Gibbs maintains he is innocent of murder, insisting that two of the killings for which is charged were in self defense and that he played no role in the other. He denied planting weapons found near the bodies of two of the dead.

A photograph previously displayed as evidence in court showed Gibbs, Morlock and a third soldier posed grinning over the body of an Afghan man lying in a pool of blood. Morlock called it a "trophy photograph."

ALSO ACCUSED IN BEATING

Taking the stand in his own defense last Friday, Gibbs said he had "disassociated" himself from his actions while in combat, and he likened the removal of fingers from dead bodies to the taking of antlers from a deer.

Morlock and co-defendants portrayed Gibbs in testimony last week as a blood-thirsty, renegade squad leader who intimidated fellow soldiers and harbored a deep ethnic hatred of the very people U.S. troops were sent to protect from Taliban forces.

In addition to charges of murder, conspiracy and other offenses, Gibbs is accused of orchestrating and taking part in the severe beating of a fellow soldier who blew the whistle on rampant hashish use by the soldiers.

In his closing on Wednesday, defense lawyer Phillip Stackhouse cast Gibbs as a troubled soldier doing his best to bear up under tremendous stress in a hostile environment.

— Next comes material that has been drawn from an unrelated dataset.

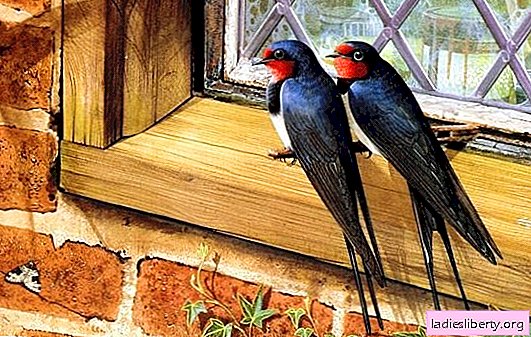 Swallow voló hacia la casa o hizo un nido. ¿Cuál es la señal que podría suceder?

"He was in a bad place, and he didn't look at the enemy as human," Stackhouse said, adding that his conduct "crossed the line ... but it didn't cross the line to murder."

Referring to Gibbs' admission that he had taken fingers from dead Afghans, the defense attorney said, "He told you it was wrong. He is ashamed, and it was disgusting."

Stackhouse also said there was no physical evidence to convict his client of murder and that key witnesses, notably Morlock, had testified under plea deals in which they received more lenient sentences than they otherwise faced.

He also pointed to conflicting accounts by witnesses whose recollections, he said, were clouded by a "haze of hashish."

The prosecutor, Major Robert Stelle, began his closing arguments by referring to defense assertions that Gibbs was betrayed by his fellow soldiers.

"But with the flag of this nation emblazoned across his chest, Gibbs betrayed his country," Stelle told the panel.